It did not have to end this way.

It should not have ended this way.

The most successful manager in Phillies history, the man that brought tears to fans’ eyes when he shouted, “Hey, this is for Philadelphia! This is for our fans!” back on that magical night in October 2008, was fired Friday (see story).

Charlie Manuel is out.

Ryne Sandberg is in.

And it didn’t have to happen this way.

Let’s make something clear here: This day had been brewing since March 2011 when Manuel signed a two-year contract extension with a year to go on his existing deal. On that day, all parties -- from the front office to Manuel -- acknowledged that there would be no talk of another contract until this one was finished. Manuel even made a point to say he’d be close to 70 when the deal was up and he’d take stock of himself and his life at that time before deciding how he’d proceed in his career.
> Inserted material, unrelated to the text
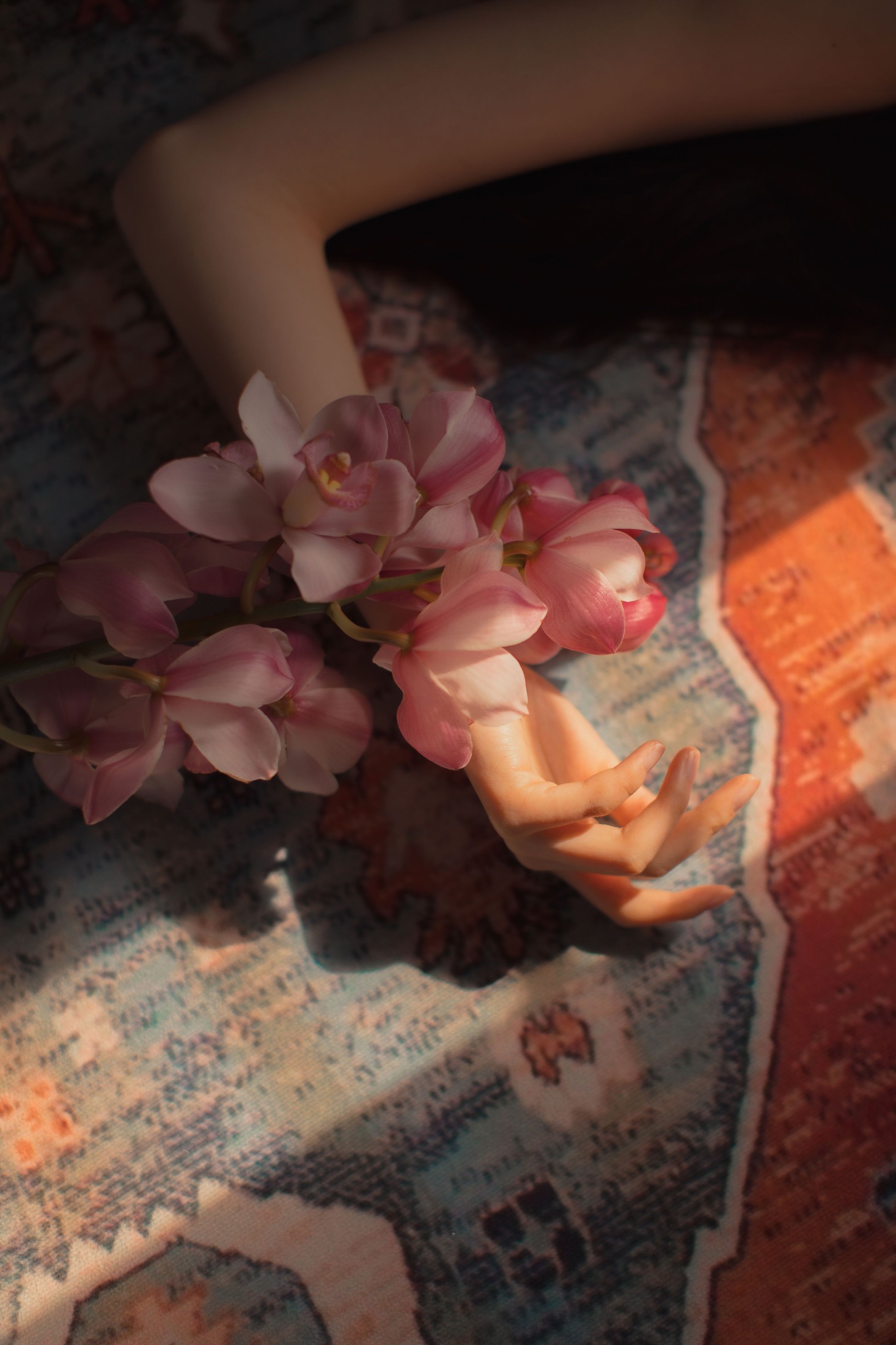Miya怡君 – 《大花蕙兰》[24P] 插图3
From this seat, that always seemed to be tacit acknowledgment by Manuel that he’d move on after the 2013 season and hand off, head high, to a younger man as the organization changed course.

This spring, Manuel made some noise about wanting to manage beyond this season, but that was probably just the proud, tough guy in him talking. Manuel never took kindly to suggestions that he was weak, so whenever questions about his lame-duck status came up, he handled them by digging in and defending his record instead of shrugging and saying, “We’ll see what happens.”

That’s just Charlie.

But deep down inside, Manuel knew he was not going to manage beyond this season. He’s a smart baseball man and knows organizations have to occasionally churn the mix and it was going to be his turn in October -- unless this aging team somehow pulled off another World Series title. He knew his expiration date had been stamped the day he signed his extension. And he knew it more than ever in recent weeks when the losses piled up and the writing on the wall was in big, bold letters.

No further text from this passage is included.